Let Me Guide You To Your Biggest Adventure Yet in the Data Science World
--
Most people when they are referencing data science they are referring to machine learning. Unfortunately, that means usually that they forget about the other as important if not more important pillars: coding, visualizations, and statistics.
Today, I would like to briefly discuss these areas, but I will expand on these areas and provide examples over the next several articles.
Part 1: Coding
Coding
This one might seem a little bit obvious. You cannot start creating a data science project without learning how to code. However, I want to focus on what happens after the initial project.
Congratulations! You have completed your machine learning algorithm.
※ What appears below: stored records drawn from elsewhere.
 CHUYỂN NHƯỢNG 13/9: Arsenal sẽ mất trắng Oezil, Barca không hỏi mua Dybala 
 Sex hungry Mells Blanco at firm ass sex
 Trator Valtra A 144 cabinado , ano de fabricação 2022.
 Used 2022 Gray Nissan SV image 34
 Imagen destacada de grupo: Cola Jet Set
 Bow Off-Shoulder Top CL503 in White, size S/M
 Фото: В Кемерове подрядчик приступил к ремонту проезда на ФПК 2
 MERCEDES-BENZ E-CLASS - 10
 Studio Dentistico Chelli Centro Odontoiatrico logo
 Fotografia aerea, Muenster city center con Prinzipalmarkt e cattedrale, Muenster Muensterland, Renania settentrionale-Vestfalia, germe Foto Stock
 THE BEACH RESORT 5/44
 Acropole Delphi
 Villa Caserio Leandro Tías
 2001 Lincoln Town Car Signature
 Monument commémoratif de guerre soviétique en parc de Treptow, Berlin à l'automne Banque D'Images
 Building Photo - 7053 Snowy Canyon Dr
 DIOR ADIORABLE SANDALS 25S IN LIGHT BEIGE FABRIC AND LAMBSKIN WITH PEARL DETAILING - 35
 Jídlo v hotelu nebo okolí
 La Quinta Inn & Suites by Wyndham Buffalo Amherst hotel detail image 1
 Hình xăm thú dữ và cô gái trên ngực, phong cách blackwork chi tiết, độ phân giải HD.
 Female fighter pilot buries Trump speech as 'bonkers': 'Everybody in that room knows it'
Your project has answered the necessary questions, and you are ready to deploy your model.
Unfortunately, most data scientists and aspiring data scientists do not know what to do when it comes to deploying machine learning algorithms or other coding standards like unit tests, integration tests, pep8 standards for python, and something like dbt for sql standardization and testing. These standards will make the code more reliable and repeatable.
Visualizations
First, before we even think about what tools to use, we need to figure out what the purpose of these visualizations are. There are two specific areas where visualizations come into play.
The first area would be in exploratory analysis. First and foremost, the audience will be you. You are trying to figure out what the data looks like. How many rows, columns, nulls? What is the distribution and other statistics? Are we missing classes like age or gender groups? My strong suit is python, so most of these exploratory visualizations are on Jupyter notebook with matplotlib or seaborn, which are both python libraries. However, you can also work in Excel, Google Sheets, or even PowerBI. Whatever is the easiest to get an initial idea of the data.